Il termine aloe (Allo eh in arabo, Halal in ebraico, Alo hei in Cina, Aloe nei paesi occidentali) deriva dalla radice greca Als o Alos, che significa sostanza amara, salata come l'acqua del mare. Contornata fin dall’antichità da un affascinante alone mistico e magico, l'aloe è da sempre considerata una sorta di panacea capace di guarire ogni malanno umano grazie alle sue molteplici proprietà.

L'aloe è una pianta sempreverde, denominata Xerofita o Succulenta. Ha la capacità di vivere in ambienti aridi e in periodi di lunga siccità. Una caratteristica curiosa è quella di essere classificata anche tra le rare piante domestiche antinquinamento per la spiccata capacità di liberare ossigeno e assorbire anidride carbonica costantemente, anche di notte.

Comprende circa 350 varietà distinte per tipologie e luogo d'origine. Raggiunta la maturazione, dopo 3-4 anni di vita, solo alcune specie contengono un’elevata gamma di preziosi elementi che intervengono con armoniosa sinergia nell'organismo.

Aloe Barbadensis: è originaria delle Barbados e viene coltivata in tutto il mondo in modo intensivo.
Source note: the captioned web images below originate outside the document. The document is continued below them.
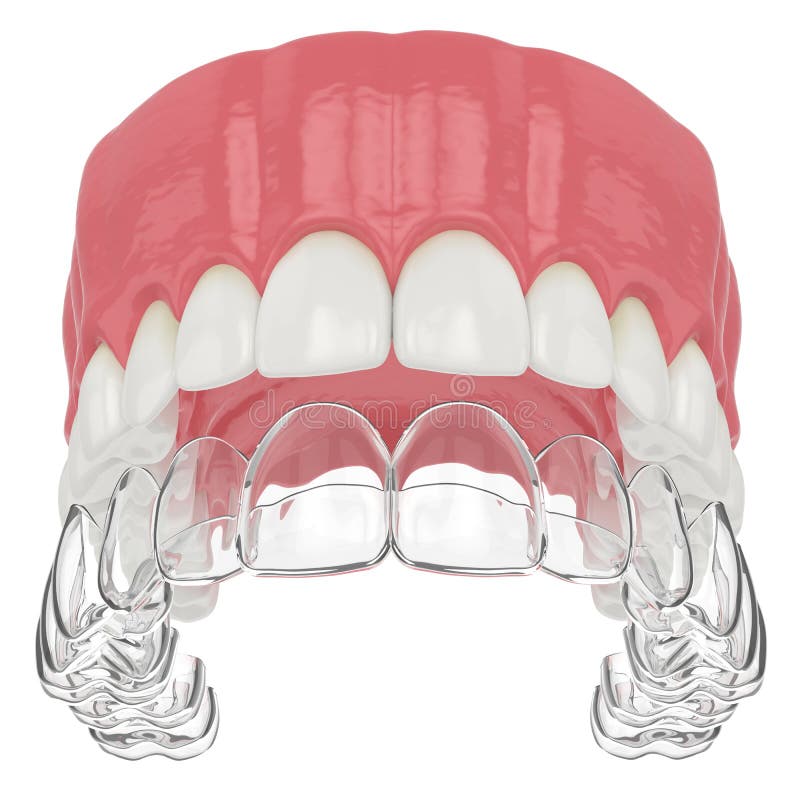 3d render of upper jaw with invisalign removable retainer royalty free illustration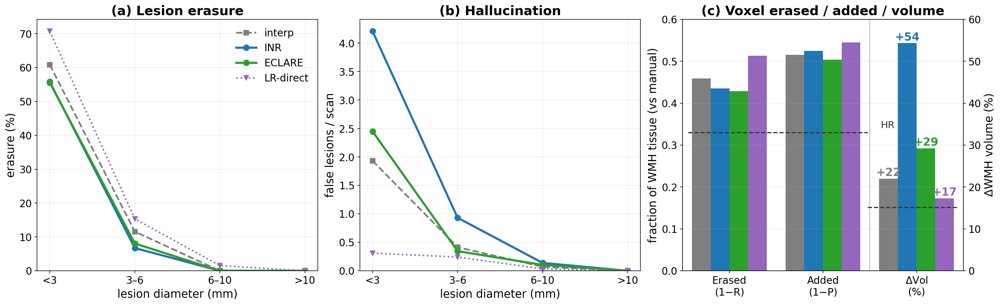 Does FLAIR super-resolution erase or hallucinate small white-matter lesions? Figure 1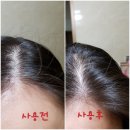 모발이식 전문병원 사용&lt;더블랙&gt; 탈모방지 샴푸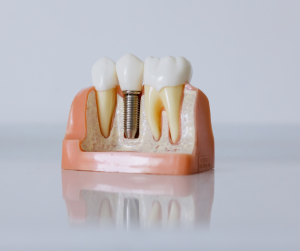Implant dentar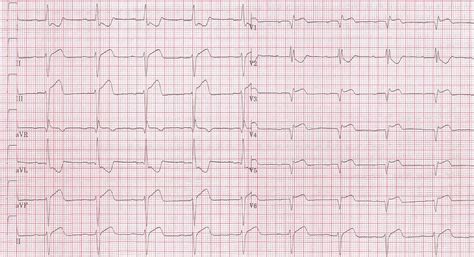 Inferior myocardial infarction - wikidoc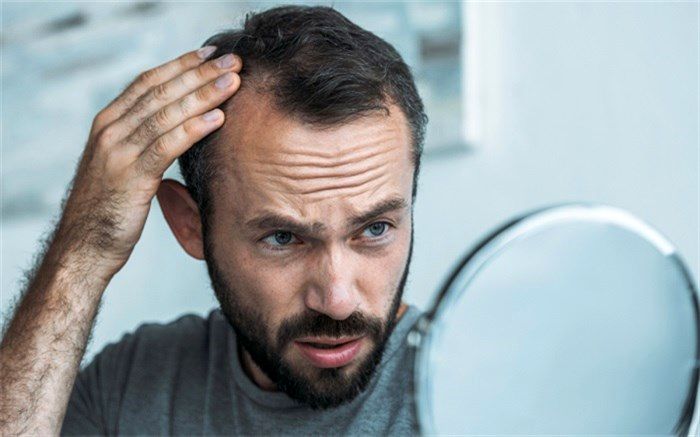 ریزش مو و راهکارهایی برای کنترل آن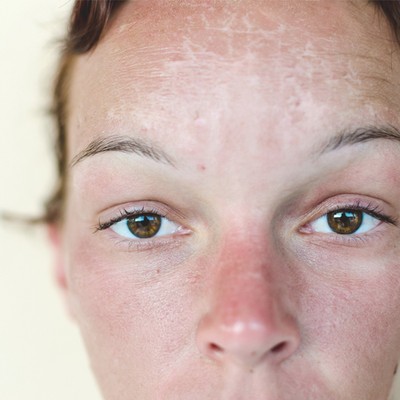 Sun Damage: How To Treat It 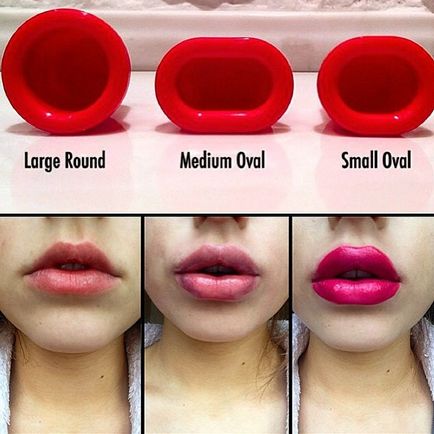 Hogyan lehet növelni az ajkakat szilikonmentes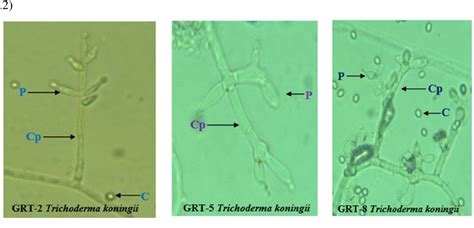 Figure 2 From IDENTIFICATION OF TRICHODERMA SPECIES BASED ON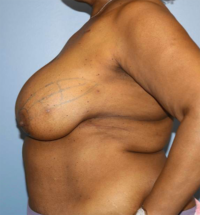 Oncoplastic Breast Reconstruction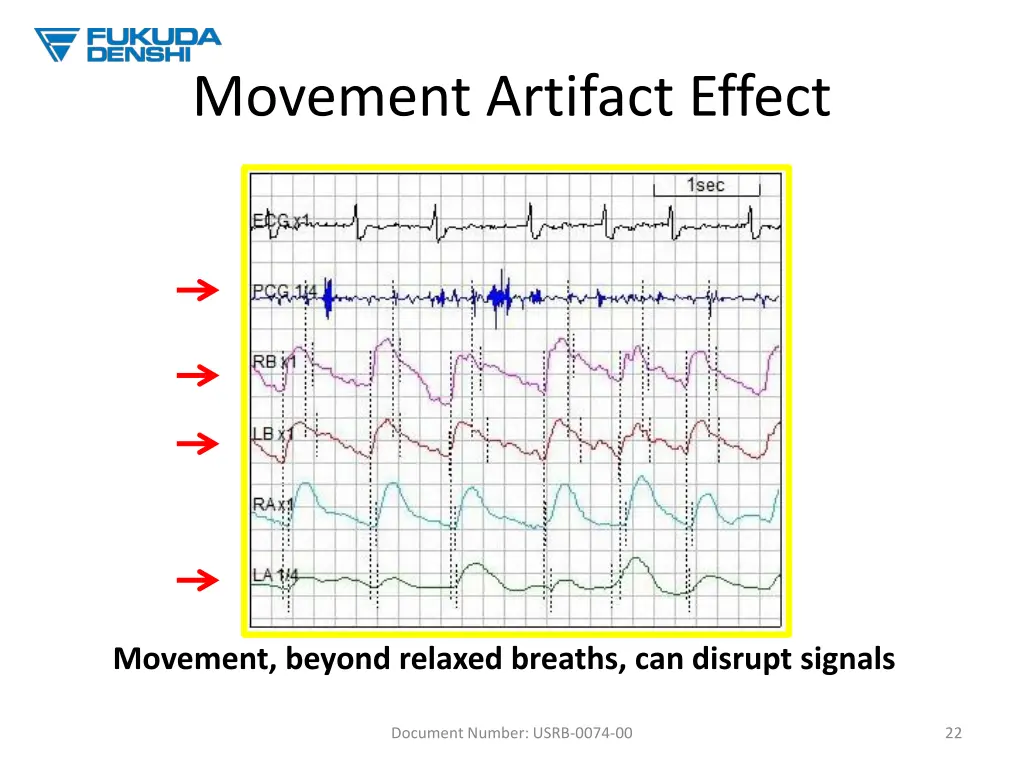 movement artifact effect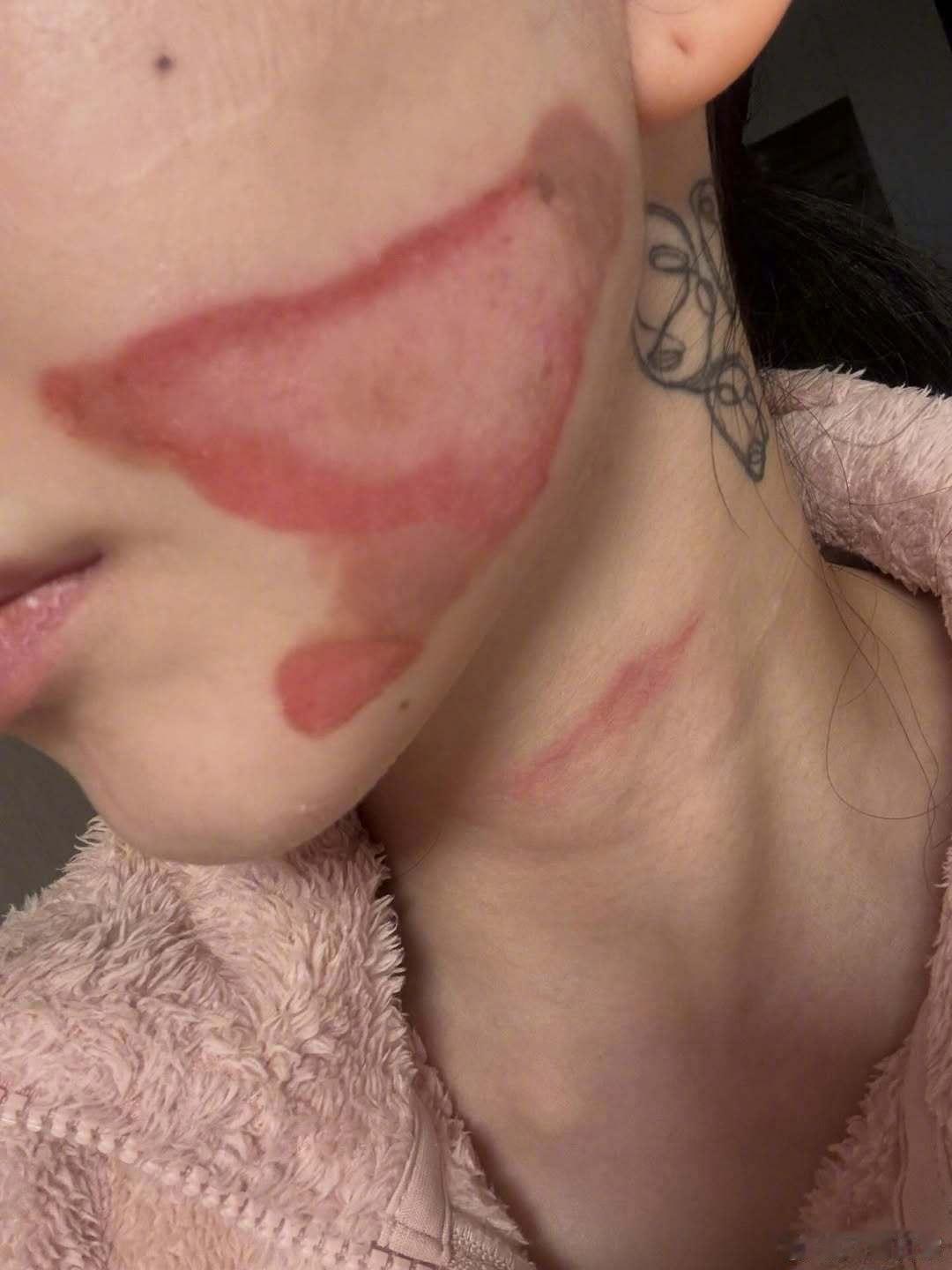 这看着好严重啊……权珉娥医美后毁容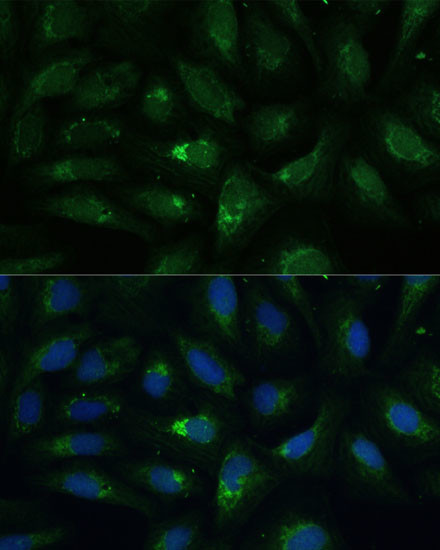 AEBP1 Antibody in Immunocytochemistry (ICC/IF)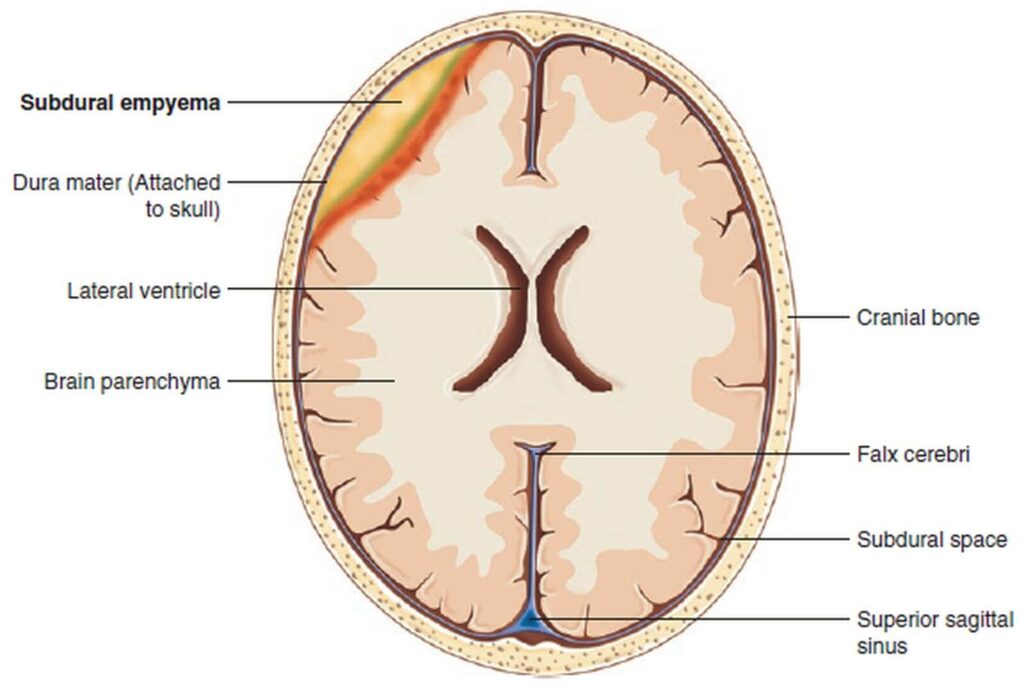 Concussion and mild concussion 5 фото Concussion and mild concussion 4 Тернопіль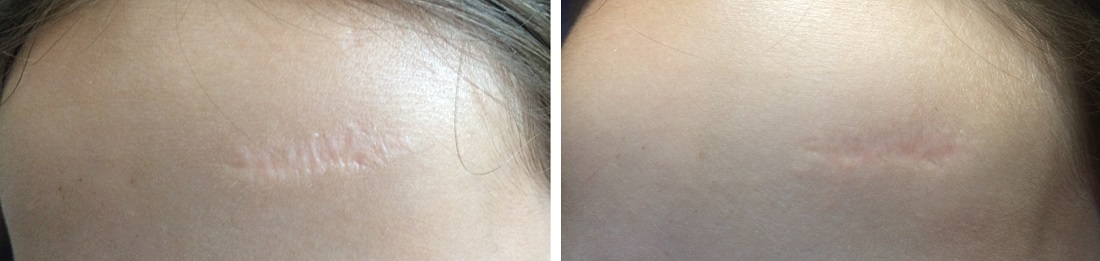 Before and after forehead scar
Comunemente chiamata aloe vera, può raggiungere l'altezza massima di 70-100 cm e vive generalmente 5-7 anni. Le foglie, disposte intorno a un rosone centrale, sono molto grosse e bordate di spini, hanno una larghezza alla base che varia dai 6 ai 20 cm. Sia per la facile coltivazione ad alta resa sia per la lavorazione facilitata dalla dimensione delle foglie, è ideale per l'industria cosmetica e domina anche il mercato dei preparativi per uso interno.